As an adventure yarn, there's not enough adventure. There are nowhere near enough dinosaurs and those we do get - pterosaurs excepted - are simply not described well enough to be properly threatening. So once we get established in the new world we have nothing to detain us but the unusual habits of the Kosekin and a rather tedious, formulaic romance.
The publishers (or re-publishers in this case) try to make the case for it being a satire of mid-Victorian mores, but it's not. It's the oldest trope of all in satire, the world turned upside down. Aristophanes did it better more than two thousand years earlier.
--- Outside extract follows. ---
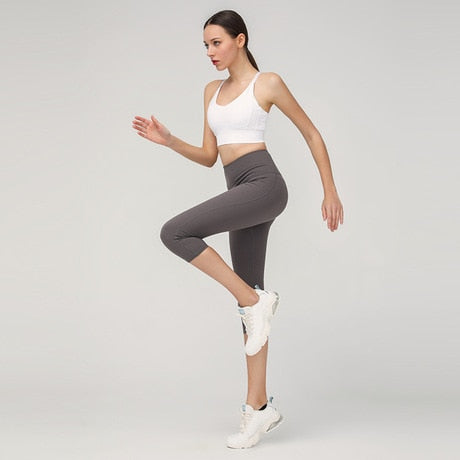 Obrix Sport Fashion Female Fitness Set Sleeveless Fitting Short Top Slinky Calf Length Leggins Health Running Jogging Dance Set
Again, once the premise is established - we love death/you love life, divorce is the best thing about marriage etc. - we have nowhere else to go.
For me, the part I really enjoyed was the framing device, usually the part we skip in these things (I particularly remember the tedium of the device in William Hope Hudgson's otherwise thrilling From the Tideless Sea). Here we have an inbred toff on his yacht with a doctor, a writer of fiction and a linguist. The chinless wonder is genuinely amusing, the writer dismisses the manuscript as a fake, and the two scholars get deep into debate of what and where the things described might be. I can't help thinking these are the bits the academic De Mille enjoyed most too. The very best, the last - we have to go back to the yacht, it's a requirement of the form, but instead of a wearisome epilogue, De Mille simply gives us:
Here Featherstone stopped, yawned and laid down the manuscript.
"That's enough for today," said he. "I'm tired and can't read any more. It's time for supper."